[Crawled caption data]
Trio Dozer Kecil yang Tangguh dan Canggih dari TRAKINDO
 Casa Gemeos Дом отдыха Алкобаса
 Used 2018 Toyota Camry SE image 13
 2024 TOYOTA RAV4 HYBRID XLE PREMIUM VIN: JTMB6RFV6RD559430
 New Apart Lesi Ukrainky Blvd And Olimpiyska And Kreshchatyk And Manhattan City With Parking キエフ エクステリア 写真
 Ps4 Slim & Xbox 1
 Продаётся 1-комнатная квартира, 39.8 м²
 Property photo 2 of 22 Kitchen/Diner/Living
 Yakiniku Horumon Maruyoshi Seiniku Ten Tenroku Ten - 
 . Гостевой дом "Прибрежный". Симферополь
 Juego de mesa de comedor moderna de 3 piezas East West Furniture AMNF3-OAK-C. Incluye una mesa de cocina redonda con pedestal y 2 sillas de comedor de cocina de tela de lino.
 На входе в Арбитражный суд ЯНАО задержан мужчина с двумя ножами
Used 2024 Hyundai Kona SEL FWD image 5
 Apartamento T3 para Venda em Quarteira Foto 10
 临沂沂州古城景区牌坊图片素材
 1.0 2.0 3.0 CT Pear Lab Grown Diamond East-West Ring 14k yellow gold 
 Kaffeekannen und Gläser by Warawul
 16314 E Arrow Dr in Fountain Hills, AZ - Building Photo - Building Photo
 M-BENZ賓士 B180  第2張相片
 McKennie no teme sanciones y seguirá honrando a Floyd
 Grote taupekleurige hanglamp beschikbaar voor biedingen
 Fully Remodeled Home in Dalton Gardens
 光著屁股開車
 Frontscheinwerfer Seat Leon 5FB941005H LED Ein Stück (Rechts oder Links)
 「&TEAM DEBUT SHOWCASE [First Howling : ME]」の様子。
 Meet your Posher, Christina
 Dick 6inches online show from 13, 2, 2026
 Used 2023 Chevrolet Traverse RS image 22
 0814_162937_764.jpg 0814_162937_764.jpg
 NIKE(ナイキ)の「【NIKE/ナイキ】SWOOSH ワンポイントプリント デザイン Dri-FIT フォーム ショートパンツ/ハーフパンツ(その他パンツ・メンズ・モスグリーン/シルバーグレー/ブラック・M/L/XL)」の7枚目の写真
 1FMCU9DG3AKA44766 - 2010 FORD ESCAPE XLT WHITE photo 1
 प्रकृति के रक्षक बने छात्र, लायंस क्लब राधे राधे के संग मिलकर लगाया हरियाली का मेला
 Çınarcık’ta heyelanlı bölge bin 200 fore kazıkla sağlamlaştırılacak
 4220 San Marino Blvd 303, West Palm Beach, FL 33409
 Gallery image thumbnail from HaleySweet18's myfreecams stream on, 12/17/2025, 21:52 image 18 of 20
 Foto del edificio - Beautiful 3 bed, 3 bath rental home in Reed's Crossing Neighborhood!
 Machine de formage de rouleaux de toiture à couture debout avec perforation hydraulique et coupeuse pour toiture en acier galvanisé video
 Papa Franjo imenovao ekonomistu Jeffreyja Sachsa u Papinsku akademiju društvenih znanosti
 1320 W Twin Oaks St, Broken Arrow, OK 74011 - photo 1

- Directions:
Which lines of the entries contain "from"? Count them and write only the number.

- Answer section:
2